Why would they drop Mir? Dropping Upstart makes sense because systemd has momentum and they both do basically the same job. With Mir vs. Wayland they already evaluated Wayland and decided it wasn't going to be suitable for their needs, unless Canonical change their target markets this isn't something that'd make sense to change (unless a later version of Wayland supports what they want).


It is the common opinion that their needs (re Wayland/Mir) are not technical, but related to defining and shipping the results product resulting of those efforts.


That's how it appears, but Canonical wouldn't duplicate work unless they thought it was in their best interests, the question then becomes what needs are they trying to meet? Perhaps the needs are technical, perhaps not.

I understand part of the issue was Canonical changing their support for Wayland, but what exactly does Mir do to make developers lives harder? Most developers don't write for X directly, nor will most developers write for Wayland or Mir directly, so as long as the library support is in place then why should we care? I don't hear Android developers complaining about Android using its own window manager. If Canonical want to pay extra for their own window manager, and are prepared to work on the libraries that make developers lives easier, what are we really losing?


"That's how it appears, but Canonical wouldn't duplicate work unless they thought it was in their best interests"

Yes, their best interests.
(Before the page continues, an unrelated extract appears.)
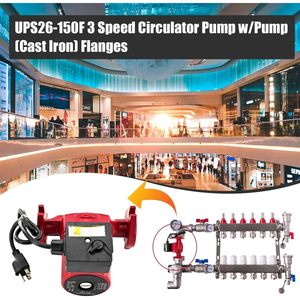 Pompe de circulation d'eau chaude 115V 60Hz 3 vitesses en fonte R-526-150T pour remplacement - Product Image 4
Not to the Linux ecosystem.


Maybe if they do what's in their best interest, the best things happens for the Linux/nix ecosystem. I'm not exactly sure what your arguing about; All corporate entities seem to (perhaps quite reasonable considering they're corporations) cater to their* own interests first.

From what I've gathered, we have, as a community gained a lot from that by looking at Red Hat Inc, Canonical Ltd, SuSE GmbH/Novell/Attachmate Group and others contributions.


Give me an example where Red Hat or SuSE have started a brand new project that directly competes with an existing effort with broad support from the open source community?


Best example is probably .deb (1995) vs. .rpm (1997).


I am wondering if they are ever going to do this with bzr. I did not realize how much bzr development had slowed until I read the emacs bzr/git debate.


Your regexps are wrong, these replacements don't make any sense at all.


Unless there was an edit, they do actually make sense, if you think of this post as being rewritten in a year to discuss a move away from Mir (current Ubuntu graphics thing) to Wayland (current non-Ubuntu graphics thing that most everybody else is probably moving to).


Right now they say replace all occurrences of "upstart" with "Mir" and all occurrences of "systemd" with "Wayland". I can't see how that would work.


"Ubuntu is switching from upstart to systemd in 2014" -> "Ubuntu is switching from Mir to Wayland in 2015"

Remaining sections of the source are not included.